De mémoire de chef de rayon, on n’avait jamais vu ça. Pourtant, c’est sans grande surprise que le rayon panification préemballée a clôturé son année 2014 sur un recul en valeur. « La guerre des prix à laquelle se livrent les enseignes dans les rayons des PGC depuis un peu plus de deux ans n’a pas épargné notre secteur, décrypte un industriel. Or, nous savons, avec le recul, que cette bataille n’a quasi aucun effet en termes de recrutement. Le marché est donc inutilement tiré vers le bas.
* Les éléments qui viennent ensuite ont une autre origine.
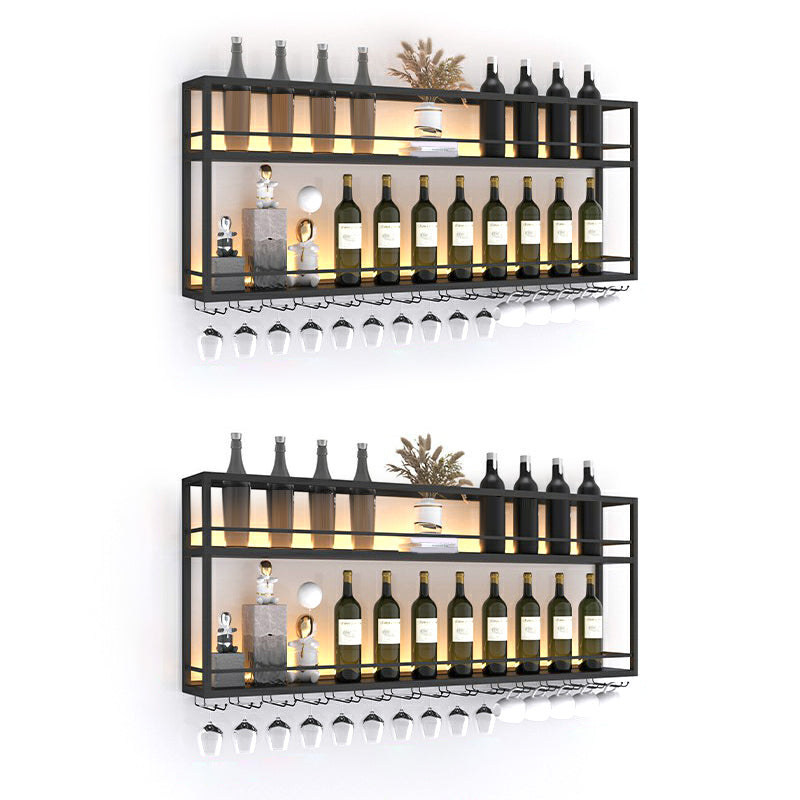 Modern Metal Wine Rack Wall Mounted Wine Bottle & Glass Rack for Living Room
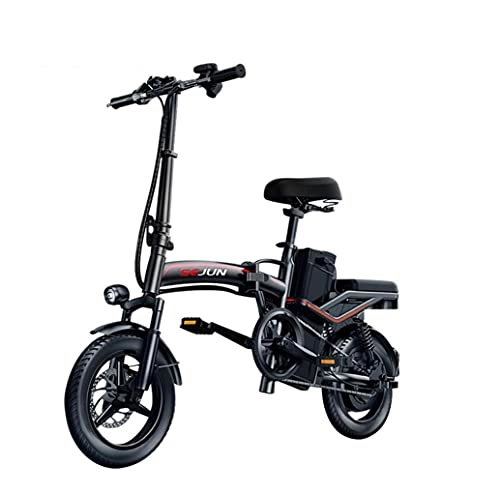 Bici pieghevoli : Bicicletta elettrica pieghevole per adulti batteria al litio 48V bicicletta scooter doppio disco freno olio molla forcella faro LED 80 * 65 cm luce di avvertimento della coda(Color:48V6A)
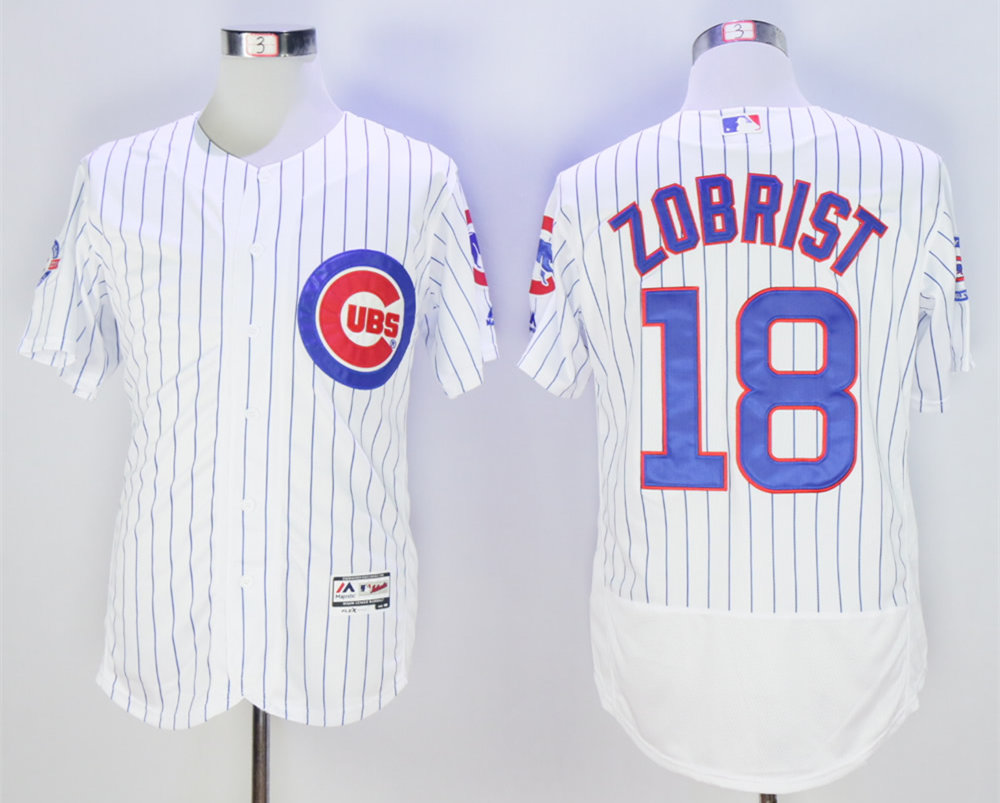 Cubs 18 Ben Zobrist White With 100 Years Patch Flexbase Jersey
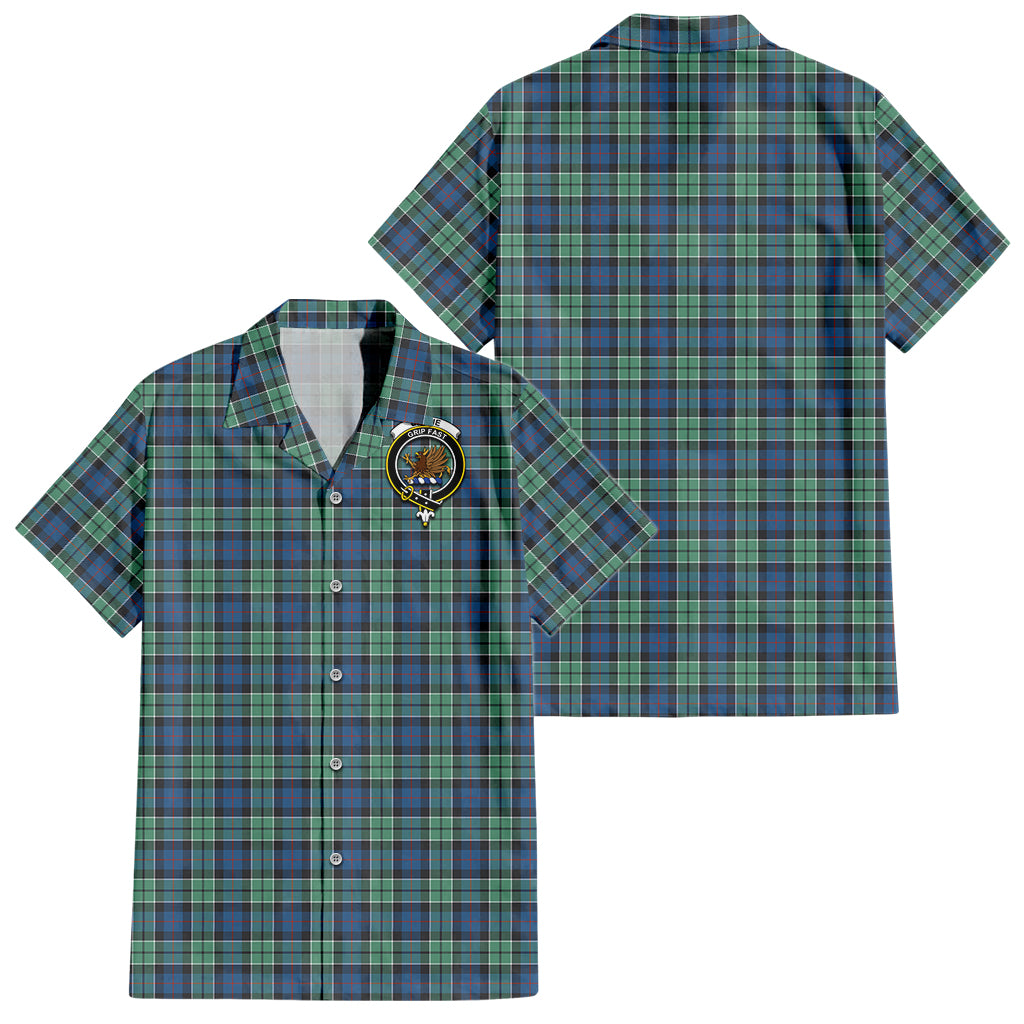 leslie-hunting-ancient-tartan-short-sleeve-button-down-shirt-with-family-crest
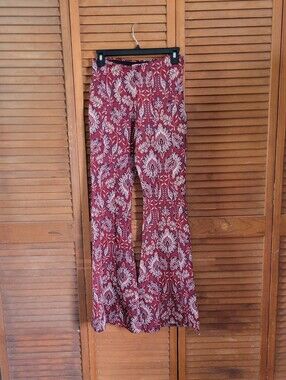 Anthropologie Floral Print Bell Bottom Pants in Burgundy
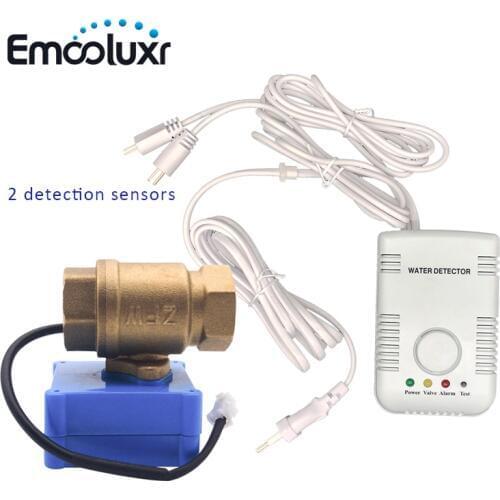 New Water Leakage Sensor Alarm with DN15 Brass Valve and 2pcs Long Sensitive Water Detection Probe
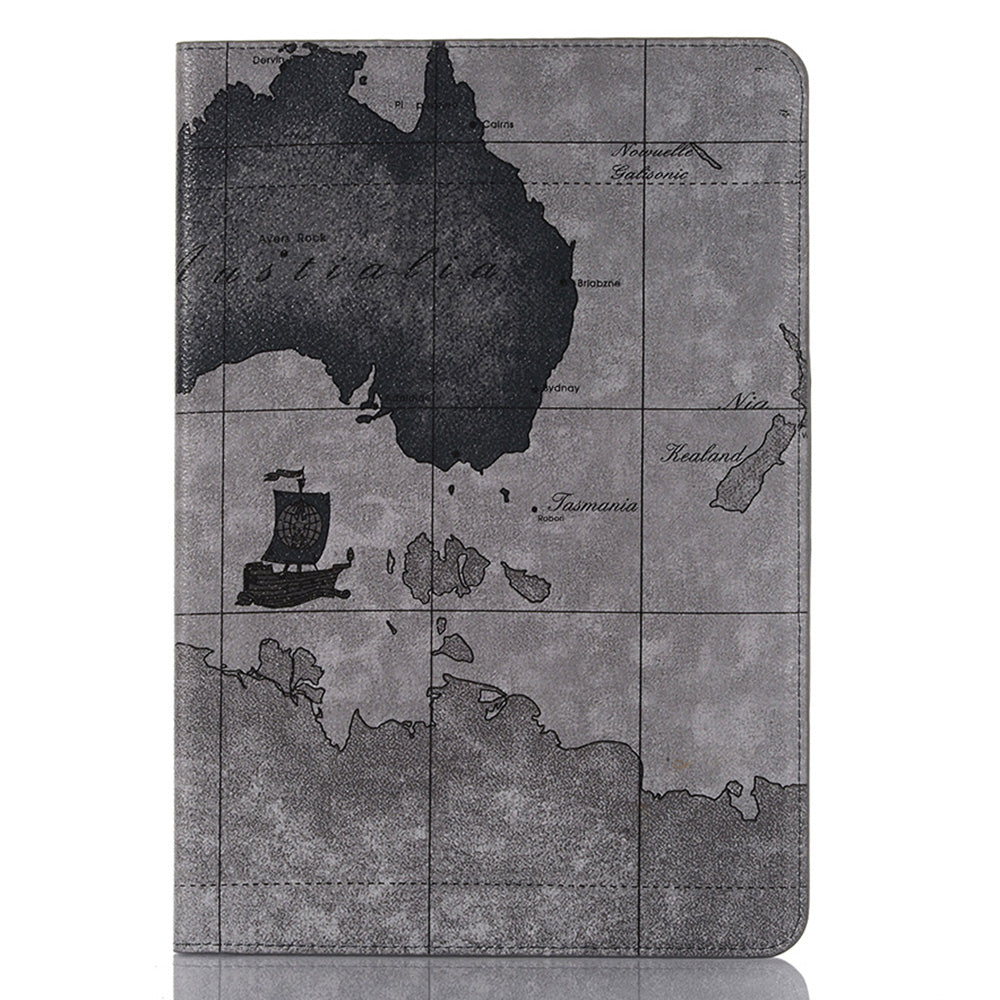 For Samsung Galaxy Tab S9 FE Protective Case Map Pattern PU Leather Tablet Wallet Cover - Grey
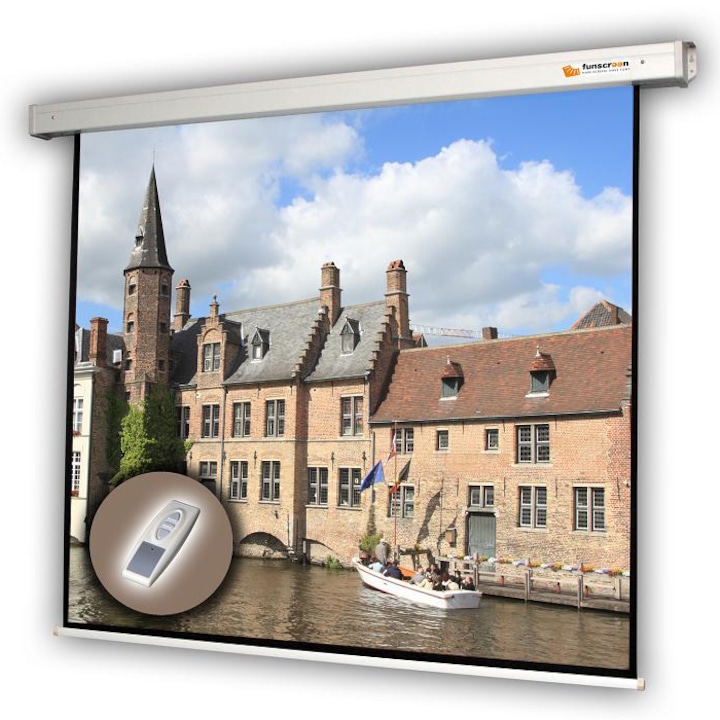 Проекторен екран Funscreen, Моторизиран, С възможност за стенен монтаж, 183x244 см 4:3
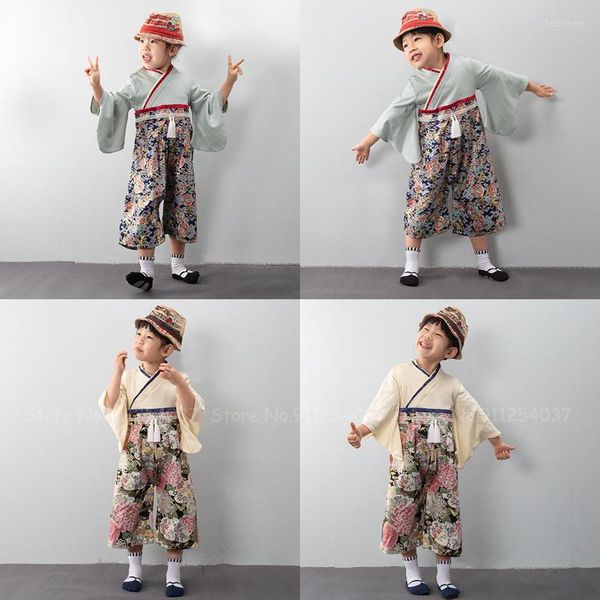 Etnik Giyim Çocukları Japon tarzı baskılı kimono erkek bebek retro yukata tulum çocukları moda Hanfu romper asya oryantal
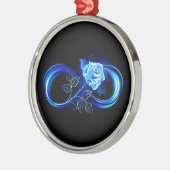 Glowing infinity with blue rose metalen ornament (Links)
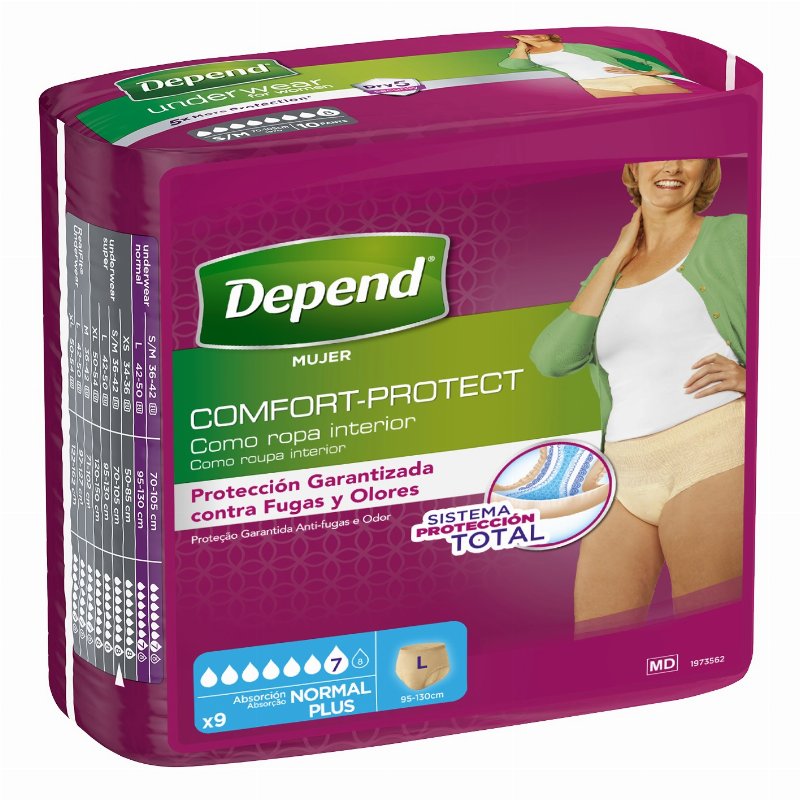 Cuecas Incontinência Depend Normal Mulher L 9N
Et ce, pour tout le monde, y compris les MDD. Elles en souffrent sans doute autant que les marques nationales, vis-à-vis desquelles l’écart de prix dont elles bénéficiaient s’est fortement réduit. »

De son côté, en confirmant une baisse importante du prix moyen des volumes (évaluée à 2,4%), le panéliste Iri émet l’hypothèse d’une descente en gamme des consommateurs, peut-être provoquée par un attrait moindre pour les innovations… En volume toutefois, l’évolution reste nettement positive pour l’ensemble de la panification préemballée, même si cette progression ralentit par rapport à celle observée il y a un an.

Conquête des foyers

Preuve que, au-delà de la baisse en valeur, l’offre poursuit sa lente, mais très régulière conquête des foyers. C’est, en tout cas, l’enseignement principal des évolutions récentes que veulent retenir Harrys et Jacquet-Brossard, les deux leaders du rayon.

« Le marché conserve sa dynamique, malgré le contexte économique difficile », affirme Carmela Bazzarelli, directrice trade marketing et category management pour Harrys. Elle constate que les moteurs du rayon restent puissants, comme le sans-croûte, qui, à lui seul, a encore généré plus de la moitié de la croissance des volumes l’an dernier… Un créneau sur lequel Harrys revendique le leadership, avec 57% de part de marché en volume. Il y consacrera encore ses efforts dans les prochains mois, avec un nouveau format familial annoncé pour le mois de mai. Chez Jacquet-Brossard, on constate également que la progression des volumes reste relativement dynamique, surtout par rapport aux autres catégories des PGC.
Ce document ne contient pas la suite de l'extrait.